We set out the development of three tools, 7 Steps, Jigsaw Target and Stages of Maturity (SOMAT) and explain the evolution in their use as an integrating model.

We describe how we used these models to teach Business Responsibility and Sustainability in the Cranfield School of Management (UK) international MBA and the Masters students in The Rotterdam Business School (Netherlands).

The Graduate students of the RBS used the tools to analyse over 120 businesses, large and small, across over 20 countries. Management of these provided positive feedback to the results and the students’ recommendations.

We offer the integrating model as a potential tool to aid the teaching of Business Responsibility and Sustainability in other business schools both with pre- and post-work experience Masters students and to form the basis of future research on embedding the principles of responsible business.

November 7, 2018

§3. Governance – what should the CEO or Directors be doing?

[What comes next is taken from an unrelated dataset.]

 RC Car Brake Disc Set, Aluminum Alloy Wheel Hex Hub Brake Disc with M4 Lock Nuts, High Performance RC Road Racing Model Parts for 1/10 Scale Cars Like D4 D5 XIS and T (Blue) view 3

In this series of three brief articles, Ron Ainsbury, Visiting Fellow at the Cranfield School of Management and Senior Fellow at the Research Centre Business Innovation at the Rotterdam University of Applied Sciences, sets out why and how New Zealand directors should be directing efforts to ensure that their businesses have a clear purpose and have the governance systems in place to ensure that the purpose is followed.

Perhaps, by focusing on purpose and embedding the culture and values to support that purpose, much of the unethical behaviour of corporations could be reduced and so much of the focus on the plethora of compliance rules, regulations and procedures minimised.

Questions for Leaders

These are the fundamental questions that a board (or the CEO) should be able to answer.

Q What is the purpose of this business or organisation?

Follow Simon Sinek’s directive – “Start with Why?”[1]Why do we exist? A statement of purpose is not to be confused with a Mission Statement. The difference is neatly explained in an HBR article by Bruce Jones of the Disney Institute: “Purpose answers Why, Mission answers What”.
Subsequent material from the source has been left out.